A: Top down view of mutant clones in 1cm² of normal esophagus from a 75-year old non-smoker mapped by DTS. Clones containing mutant genes under positive selection are represented by colored circles. From Martincorena I, Fowler JC, Wabik A, Lawson ARJ, Abascal F, Hall MWJ, et al. Somatic mutant clones colonize the human esophagus with age. Science (New York, NY) 2018;362(6417):911-7 doi 10.1126/science.aau3879. Reprinted with permission from AAAS B: Clonal competition in the mouse esophagus. A stem cell carrying a positively selected mutant (cyan) grows into a mutant clone due to a proliferative advantage conferred by the mutation. The clone expands laterally until it encounters neighboring clones of similar fitness (red and green), at which point the mutant cells revert to neutral competition and balanced production of stem and differentiated daughters (79). C: Elimination of intra-epithelial tumor by expanding clones. In a mouse model, highly competitive mutant clones (green and blue) in normal wild type epithelium (pink) have been shown to remove microscopic tumors (orange) from the esophagus as they expand by displacing them from the proliferating cell layer (magenta) (80). D: Mutant genes in normal esophagus and squamous cell carcinoma Percentage by area occupied by cells carrying mutant genes in the middle third of the esophagus (pink) compared with percentage of esophageal squamous cell carcinoma cells carrying mutations (blue). Mutations that appear in both normal esophagus and tumor cells are also indicated (purple). Font size indicates percentage (19,81).

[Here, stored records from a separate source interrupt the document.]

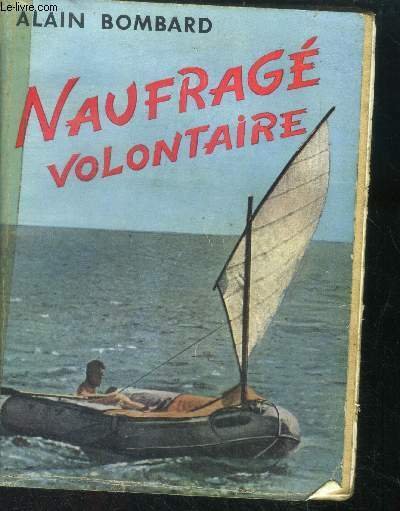 Naufrage volontaire - Collection Les grandes aventures du siecle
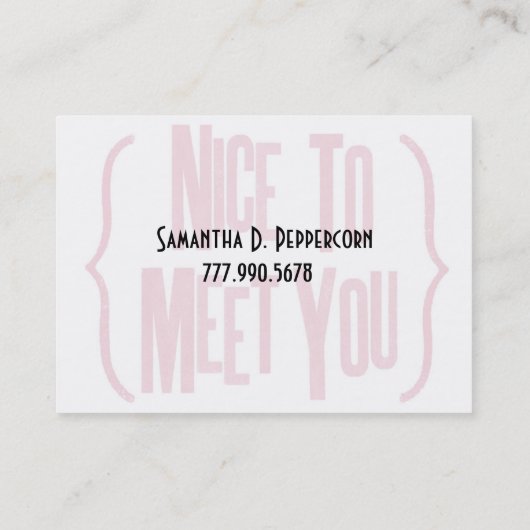 Gentil de vous rencontrer carte de visite (Dos)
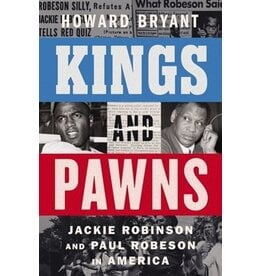Books Kings and Pawns : Jackie Robinson and Paul Robeson in America by Howard Bryant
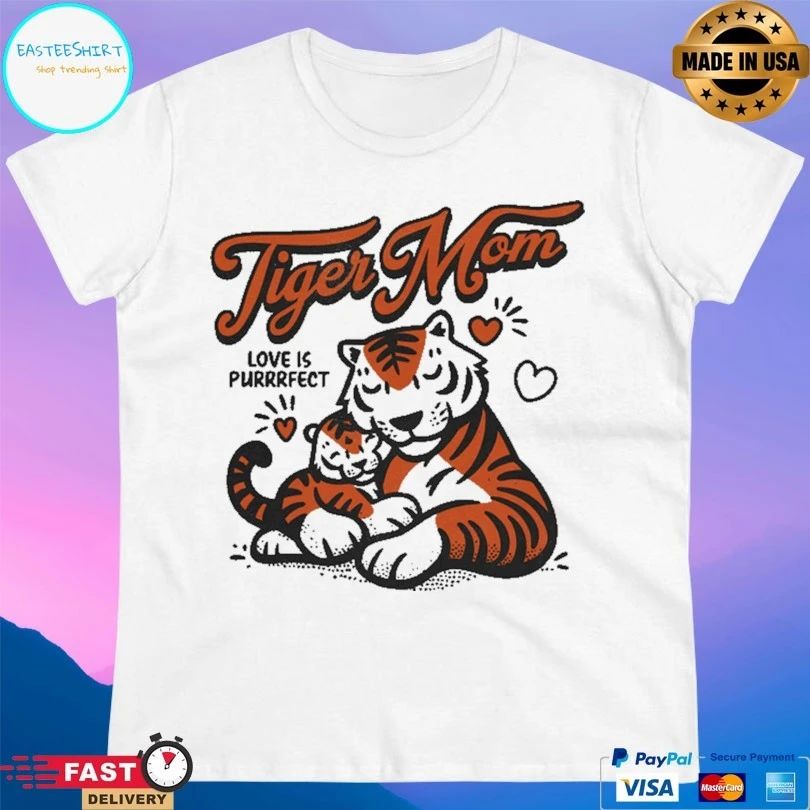 Tiger Mom Love Is Purrrfect T-shirt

Figure 5. Bladder and Bronchus

A: Urothelium. Proliferation is very rare. The basal layer is thought to contain stem cells, but following injury, cells in the intermediate layer may be recruited into cycle. The upper layer of ‘umbrella’ cells is binucleate and post mitotic. B: Mutant genes in normal urothelium and bladder cancer. Proportion by area occupied by cells carrying mutant genes in normal urothelium (pink) compared with percentage of bladder cancer cells carrying mutations (blue). Mutations that appear in both normal urothelium and tumor cells are also indicated (purple). Font size indicates percentage. C: Analysis of mutant cells in bronchial epithelium. Single cells from a small area were sampled via a brush biopsy, cultured, and WGS of single colonies performed. Bar chart depicts mutational burden, with colors showing age-correlated mutational signatures (blue) and tobacco-linked signatures (red), in subjects who have never smoked, ex-smokers, and current smokers. The data implies that the epithelium in ex-smokers becomes colonized by lightly mutated cells protected from the effects of smoke exposure.